Task - Everything from the line with "Used 2007 Toyota" through the final line of the listing below must be retyped exactly, apart from the pictures.

** Opening Information shown block **

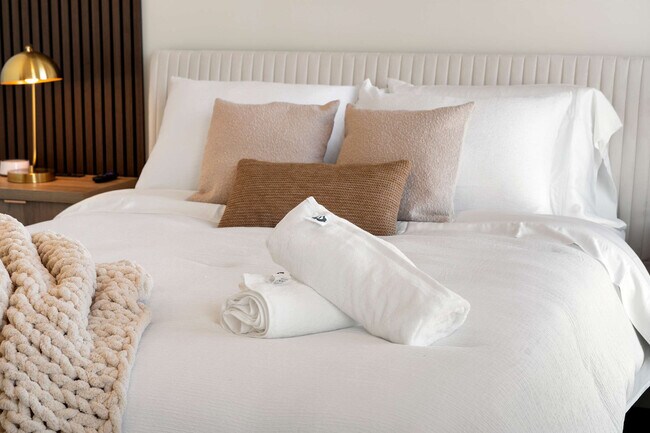 Building Photo - 1122 W Chicago Ave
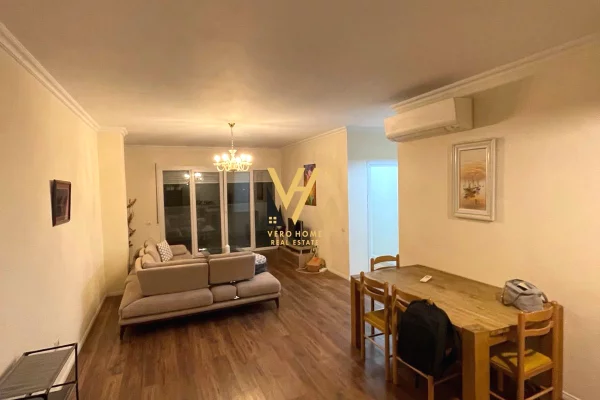 Shtepi me qera Apartament ne Tirane, 2+1, Mobilimi E mobiluar, Pagesa 1,000  Euro.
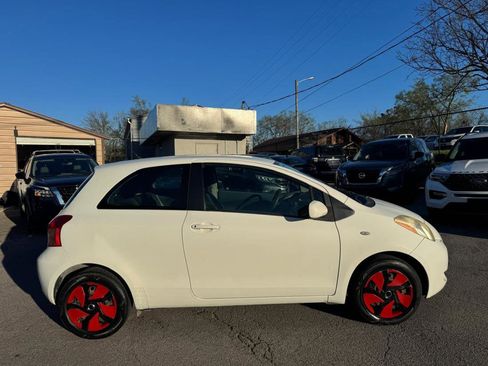Used 2007 Toyota Yaris 2-Door Hatchback image 5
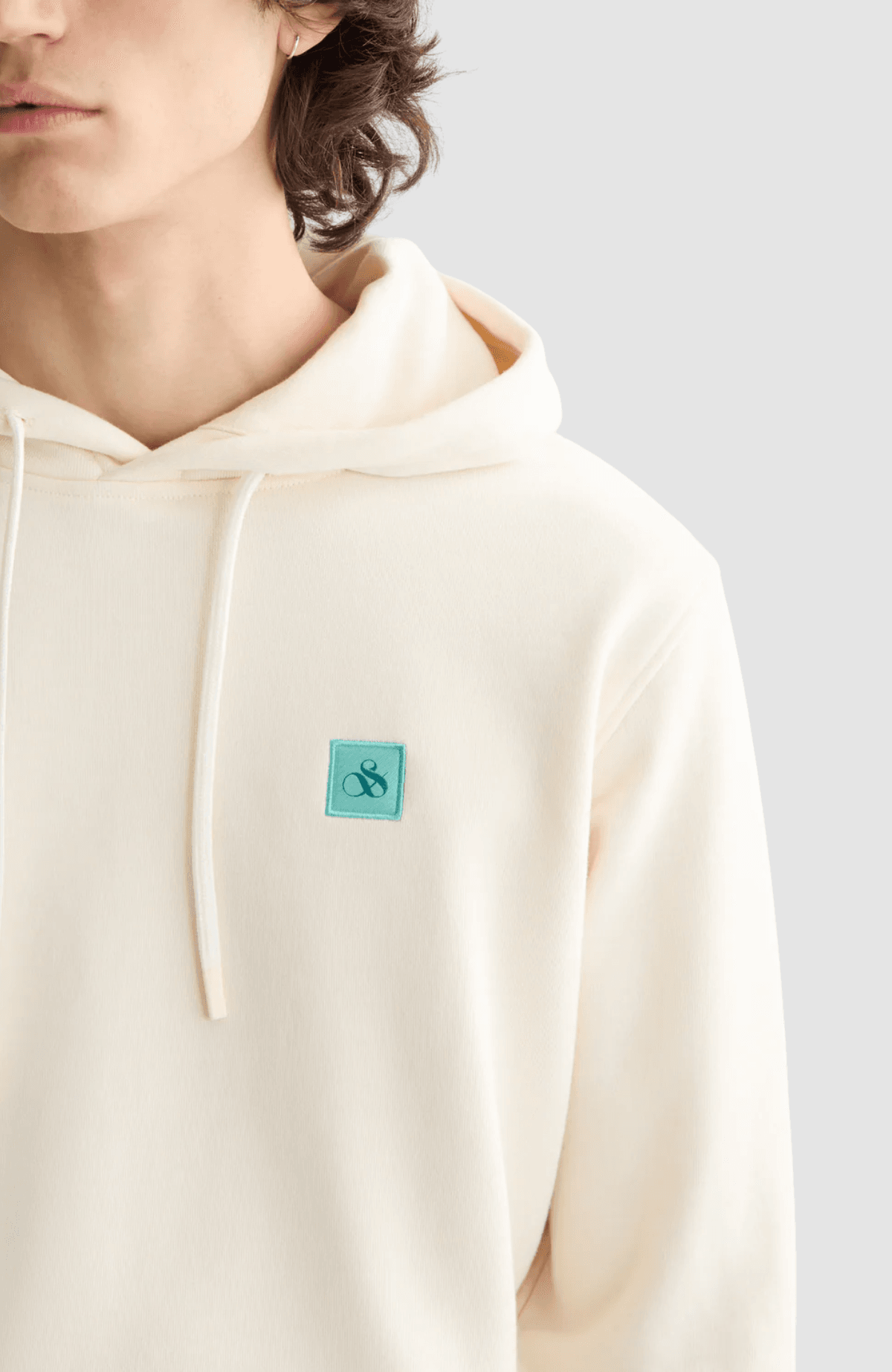 Seasonal Core - Regular-Fit Logo Badge Hoodie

** Closing Information shown block **

Solution to this exercise -
Used 2007 Toyota Yaris 2-Door Hatchback image 5
 Seasonal Core - Regular-Fit Logo Badge Hoodie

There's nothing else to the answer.